Simulator package - Training - stuck on 'Connecting simulators'

Occasional Contributor

I've added a simulator package and started Train but the training never moves off 'Connecting simulators'  In the list of Simulators, my package called 'block' shows and when I start training, 5 more simulators are listed, all called 'block Unmanaged' So, instances are starting, but are flagged as 'unmanaged'?  In Azure I can see are 2 separate Azure 'Container instances' created, one with 1 container and the other with 4 containers.  I've looked at the logs of the instances and they all say 'Registered' and 'Idle' (see image attached).  So, for some reason the training doesn't seem to be able to connect to the instances.  Any advice appreciated.


Prior to pushing the docker image I've been able to use this image as a container and successfully train the brain using this unmanaged simulator.  The image is python:3.9-slim with the bonsai api and common added.  The Workspace and Access Key are currently set in code.


Attached screenshots...




Screenshot 2020-11-20 140355.jpg

Screenshot 2020-11-20 142448.jpg


4 Replies

Hi @Cliff_Evans can we please have some more information. i.e workspace id, brain name, brain version information. We would need this information to look up for the simulators which are causing an issue for you. 

Hi @shivanshi thank you for your response.


Is still have the same problem.  To try and debug the problem I have uniquely renamed the various pieces from my original question.  The new names are shown below and new screenshots attached.

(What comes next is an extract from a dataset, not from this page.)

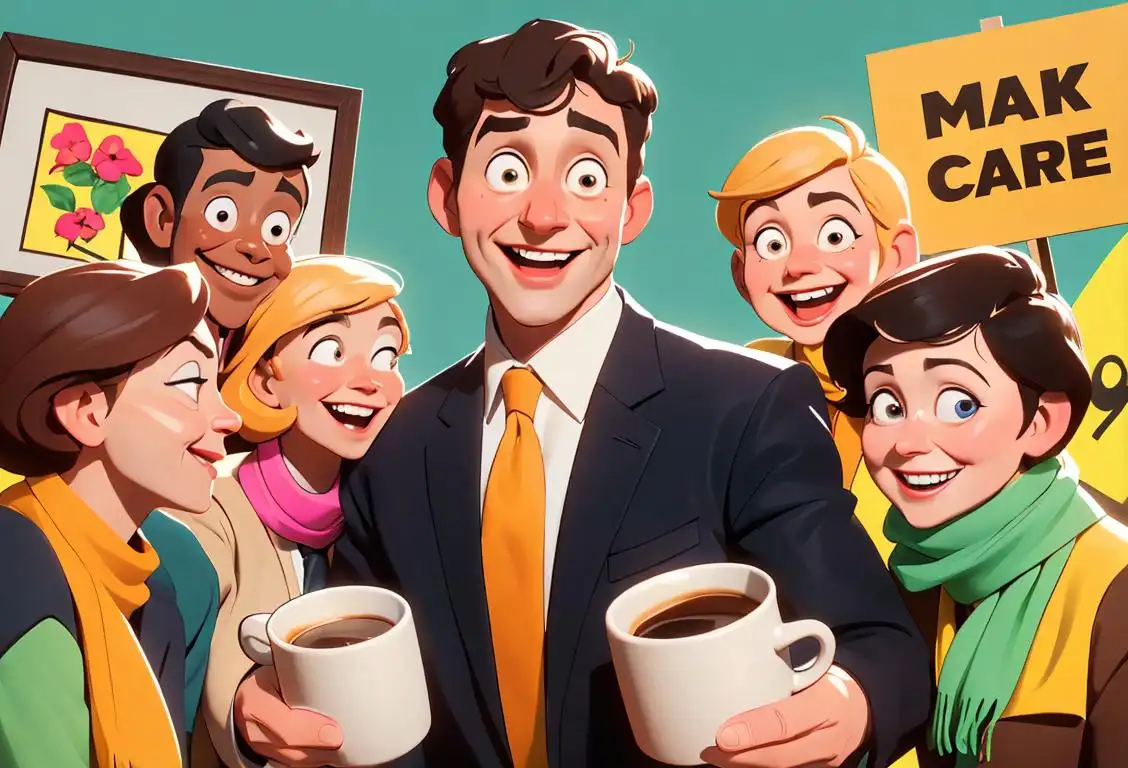 A cheerful and appreciative scene featuring a manager surrounded by a team of smiling employees, all holding coffee mugs and cheerful signs. The manager is wearing a professional outfit, with a quirky tie or a colorful scarf to show their personality. The office setting is vibrant and filled with plants and motivational posters. The team is gathered around a table that has a cake with the words 'Happy National Managers Day' written on it..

To recap - the issue is that I have a brain (Block) that when I attempt to Train using the managed package (BlockPackage) it unexpectedly creates multiple unmanaged simulators called 'block' and is then stuck 'Connecting simulators' and does not proceed.  I have nothing in the workspace (or repository) called 'block', but I did previously create an unmanaged simulator called 'block' when I was testing my simulator code locally - btw this testing worked and it successfully trained the brain.  It's as though the training is stuck using this unmanaged approach.  In my Inkling I have tried it with "package 'BlockPackage'" and without a package command such that I 'Select a simulator for training' - both routes produce the same issue.  Also, bizarrely the training creates two sets of instances, one with 1 container, and one with 4 containers.  When I look at the logs of any of the containers, the code is running and saying it is 'Registered' and 'Idle'.


My apologies in advance if I'm doing something wrong.


I suspect & hope, that if I delete everything and just start again it might be ok.  But I'll leave it as is for now so you can take a look.


Many thanks



WorkspaceId: ef6cc48c-9b24-452e-9a9f-8abba5ae8d8b

Brain name: Block

Brain version: v01

Managed simulator: BlockPackage

Container registry repository: blockimage

Teach inkling for simulator:

            source simulator BlockSim(Action: SimAction, Config: SimConfig): SimState {
                # Automatically launch the simulator with this
                # registered package name.
                package "BlockPackage"



Hi @shivanshi


I've solved the problem.  The error was mine.


With the intention of creating a simple simulator I used a variation of the example 'bare bones' simulator code on here


But I needed to add simulator_context as shown below...
def get_interface(self) -> SimulatorInterface:
    # Called to retrieve the simulator interface during registration
    face = SimulatorInterface(
    return face
Without it, the Azure/Bonsai environmental variable SIM_CONTEXT was not being read.  As this variable sets the deploymentMode and containerGroupName etc, it meant my simulator just ran in Azure as an unmanaged simulator instead.
Using the 'bare bones' approach I did manage to create a simulator with very few lines of code, but if I'd have build my simulator from the samples
I would have avoided the problem.  
Thank you.



@Cliff_Evans Great! good to see, you got it working.